Work to be completed: Skipping all images, output the listing word for word.

Material provided:
________________

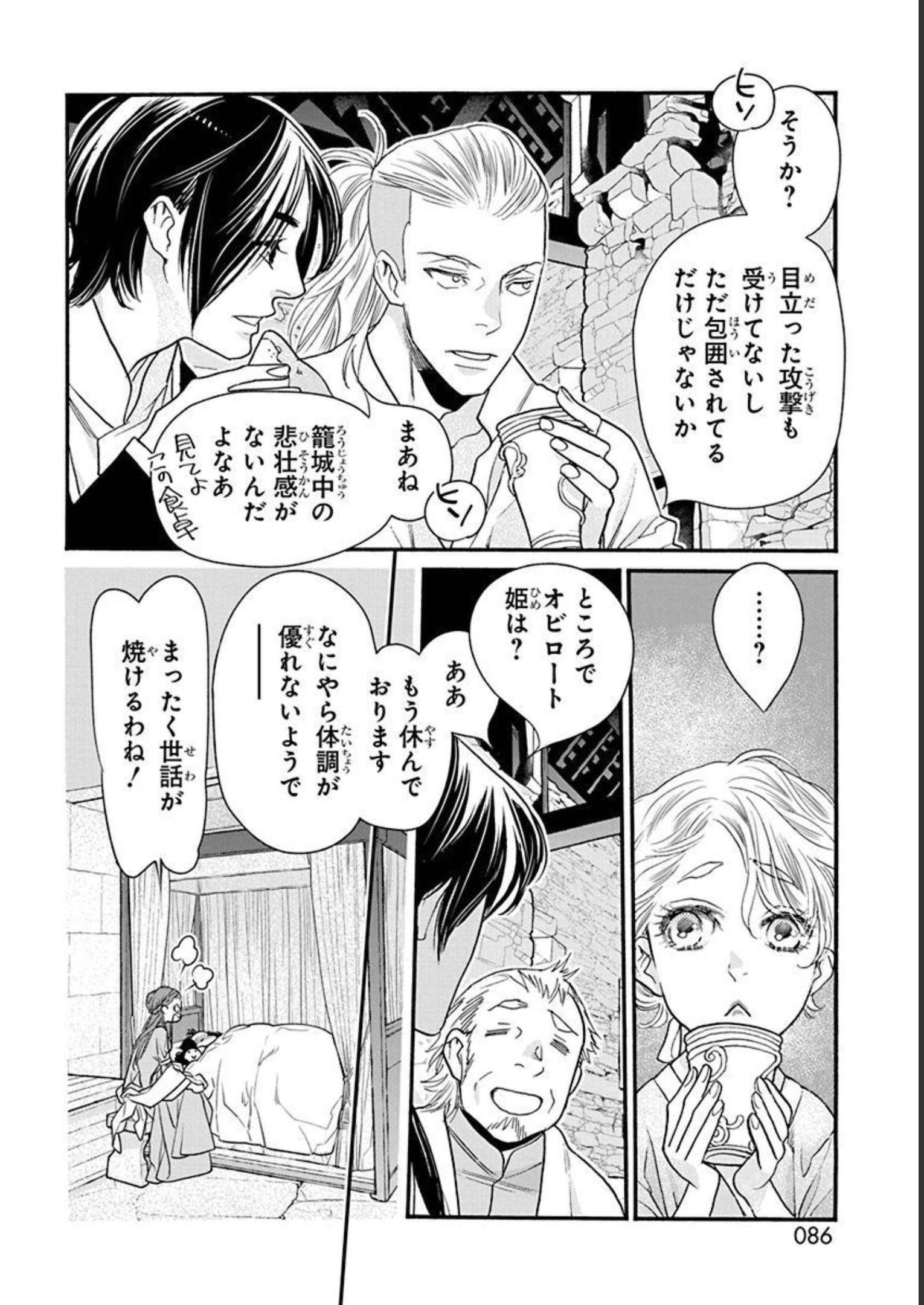 P36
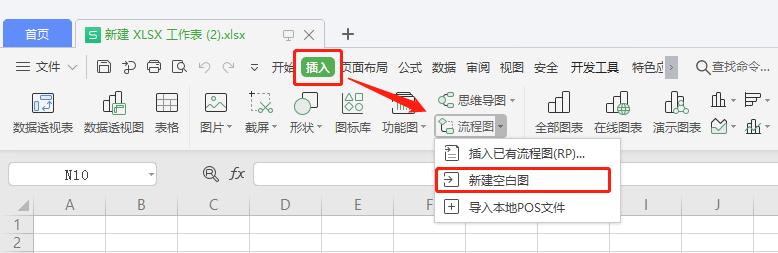 快速画流程图教程,如何快速画好流程图视频讲解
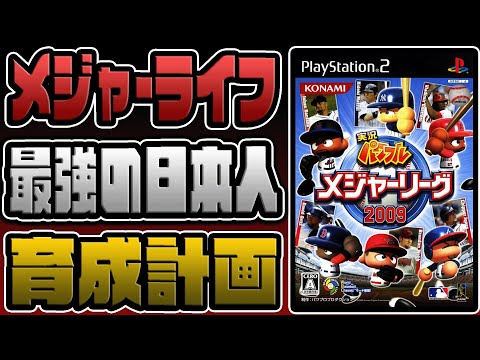 【メジャーライフ】最弱の日本人を“最強のメジャーリーガー”に育成しよう！【パワメジャ2009】 #1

________________

The completed task:
 P36
 快速画流程图教程,如何快速画好流程图视频讲解
 【メジャーライフ】最弱の日本人を“最強のメジャーリーガー”に育成しよう！【パワメジャ2009】 #1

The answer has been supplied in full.